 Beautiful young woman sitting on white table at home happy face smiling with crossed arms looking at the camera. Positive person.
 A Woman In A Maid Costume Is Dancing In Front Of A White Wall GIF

---

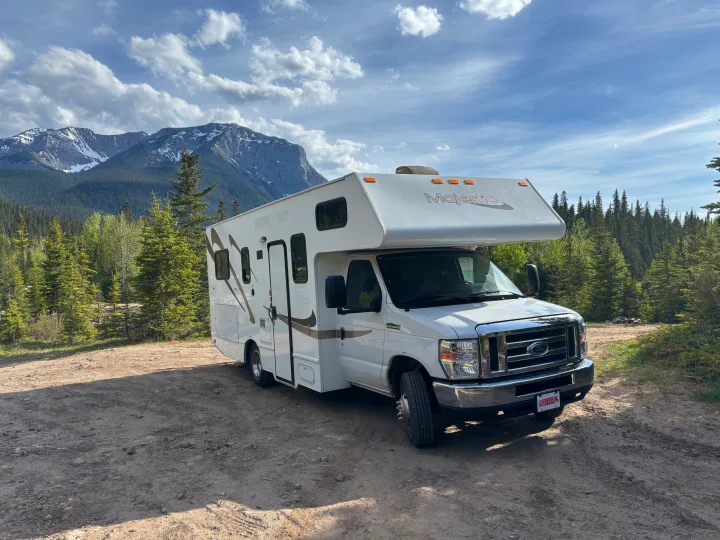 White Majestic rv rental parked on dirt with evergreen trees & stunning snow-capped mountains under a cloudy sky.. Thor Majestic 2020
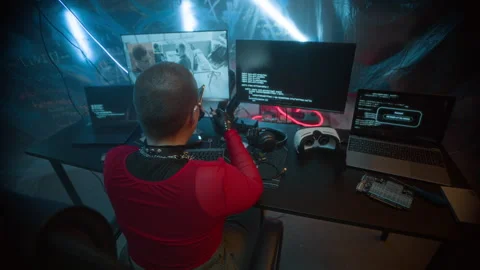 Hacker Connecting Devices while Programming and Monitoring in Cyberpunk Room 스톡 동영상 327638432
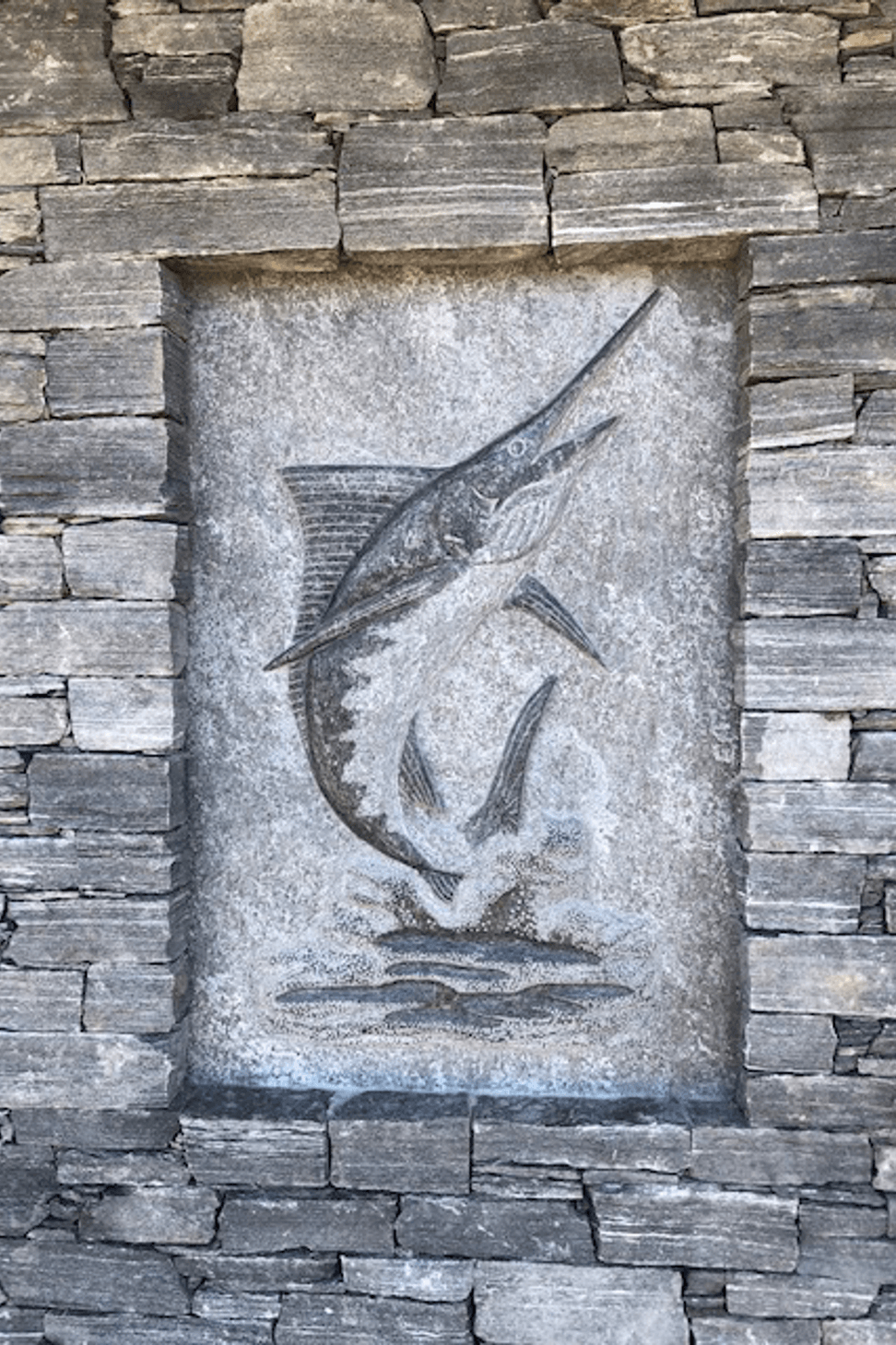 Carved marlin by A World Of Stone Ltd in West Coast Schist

*EXERCISE INSTRUCTIONS*.
How would the lines above read from the one with "White Majestic rv" to the one with "Carved marlin by", inclusive, with no pictures? Write them out exactly.

*TASK RESPONSE*.
 White Majestic rv rental parked on dirt with evergreen trees & stunning snow-capped mountains under a cloudy sky.. Thor Majestic 2020
 Hacker Connecting Devices while Programming and Monitoring in Cyberpunk Room 스톡 동영상 327638432
 Carved marlin by A World Of Stone Ltd in West Coast Schist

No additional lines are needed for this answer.